Segundo Garcia, as indústrias do Estado de São Paulo estão investindo dentro de suas instalações no gerenciamento dos resíduos produzidos, através de incineradores, reciclagem e co-processamento, entre outros instrumentos. Contudo, ele observa que o grande problema referente ao tema está na falta de um inventário de resíduos gerados, essa é a razão dos investimentos da iniciativa privada serem internos, nas próprias instalações das empresas.
Garcia conta que a Bolsa de Resíduos é um serviço gratuito que têm como objetivo principal disponibilizar para as empresas um mecanismo de divulgação de ofertas de compra e venda de resíduos industriais recicláveis no meio eletrônico.

"As vantagens estão na preservação e melhoria da qualidade do meio ambiente e da saúde pública; no uso sustentável, racional e eficiente dos recursos naturais; no aumento da conscientização de que resíduo não é lixo, e, sim, um subproduto com potencial de comercialização; na valorização do resíduo, que passa a ser utilizado como matéria-prima em outra empresa ou setor; na redução de custos diretos relacionados ao manuseio, armazenamento, transporte e destinação final; na possibilidade de geração de receita direta; e na minimização de multas ou autuações", detalha Garcia. De acordo com ele, até o mês de fevereiro de 2007 eram 2.022 as empresas cadastradas para negociar seus resíduos na Bolsa de Resíduos da Fiesp: 41% microempresas, 41% pequenas empresas, 12% de empresas de médio porte e 6% de grande porte. A maioria dos produtos ofertados, no período entre abril de 2002 e junho de 2007, envolve plásticos, seguido de resíduos químicos, metal/metalúrgico, borracha e madeira/mobiliário. Quanto à procura, o ranking de produtos é liderado também pelos plásticos e, em seqüência, estão os resíduos químicos, metal/metalúrgico, madeira/mobiliário e outros.

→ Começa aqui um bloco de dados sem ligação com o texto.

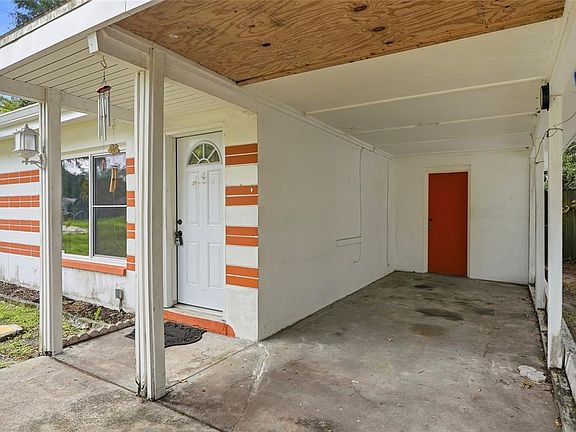 2nd image of 427 1ST AVENUE NE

Desafios envolvendo o setor produtivo e a geração de resíduos

Embora a indústria esteja se engajando cada vez mais no gerenciamento adequado de seus resíduos, o cenário atual poderia ser melhorado caso houvesse estímulos por parte do poder público por meio de políticas públicas, além da carência de dados sobre geração e destinação de resíduos

Baptista, da CNI, considera que os desafios estão voltados para duas frentes: o gerenciamento dos resíduos produzidos dentro das empresas e o gerenciamento de resíduos pós-consumo gerados nos descartes de embalagens e bens de consumo no fim de sua vida útil.
Já segundo Del Bel, da Abetre, o problema está mais na disseminação da importância da gestão de resíduos do que na falta de tecnologias para o tratamento adequado. Segundo ele, a gestão ambiental e, conseqüentemente, o gerenciamento de resíduos devem ser entendidos como algo estratégico dentro das empresas.

Para Del Bel, o que ainda é predominante no Brasil é o sistema de comando e controle. "Se o poder público atuar tentando favorecer alguns pontos que podem influenciar as boas práticas ambientais, isso poderá refletir nos seus colaboradores, gerando uma boa prática no gerenciamento e tratamento de resíduos, além de ser mais eficiente do que o comando e controle", afirma Del Bel. Outra sugestão dele é para que o poder público crie instrumentos para o gerenciamento dos resíduos do setor produtivo, além da criação de um sistema declaratório para possibilitar o gerenciamento dos órgãos ambientais em relação à quantidade de resíduos gerados. "Isso sim poderá ser considerado um grande avanço nesse tema. Há uma série de ações que podem ser tomadas através de parcerias entre o setor privado e o setor público, estimulando o fomento de boas práticas ambientais, criando mecanismos de potencialização", enfatiza o presidente da Abetre.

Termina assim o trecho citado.